Uxío - Alfa y Omega

Uxío

Javier María Prades López
Don Eugenio, durante una peregrinación diocesana de enfermos a Lourdes.

Conocí a Eugenio Romero en 1987. A primeros de octubre de aquel año llegábamos a Roma, tras un largo viaje en coche, Enrique González y yo. Éramos de los primeros sacerdotes madrileños que don Ángel Suquía enviaba a estudiar.

Para nosotros todo era nuevo. No conocíamos las costumbres de los centros eclesiásticos romanos. Por eso me llamó la atención aquel sacerdote calvo y muy cordial, que ayudaba a aprender los detalles de la vida cotidiana. Al poco de llegar, me pidieron que llevase a su casa, después de cenar, a un monseñor que vivía lejos. Eugenio se ofreció a acompañarnos. A la vuelta, aquel profesor gallego casi desconocido se interesó por mi formación, por mi vida eclesial, por mí. Y me contó también de sus trabajos y sus intereses. Poco a poco, descubrí que esa relación abierta y acogedora la tenía con muchas personas de la casa. Y aprendí una palabra desconocida: Uxío. Así lo llamaban los compañeros. Era amigo de sacerdotes muy diferentes entre sí, no sólo por temperamento, sino por sensibilidad eclesial. Ejercía noblemente de gallego.

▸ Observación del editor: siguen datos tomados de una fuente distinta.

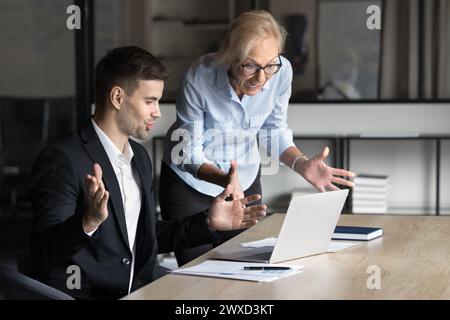 Two excited worried younger and elder business colleagues using laptop Stock Photo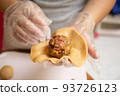 Female hands making dough for mooncake, homemade cantonese moon cake pastry on baking tray before baking for traditional festival. Travel, holiday, food concept 93726123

Fumador, noctámbulo irredento, si había que buscarlo a alguna hora intempestiva lo mejor era subir a la máquina de microfilms de la biblioteca. Y cuando te lo encontrabas por casualidad raro sería que no empezase una conversación jugosa. Le escuchaba encantado mientras me hablaba sobre Ticonio y Agustín, o sobre la identidad europea forjada en el camino jacobeo, o sobre las excavaciones en el sepulcro del Apóstol, o sobre los libros de teología, de historia, de cultura que devoraba en las noches insomnes. Podía suceder también que él, estudioso reconocido, llamase a tu puerta para ver cómo estabas, y qué progresos hacías en los primeros pasos de la investigación. O, más insólito aún, te podía decir que pasaras a su habitación porque quería prestarte un libro reciente o retomar el hilo de una conversación interrumpida.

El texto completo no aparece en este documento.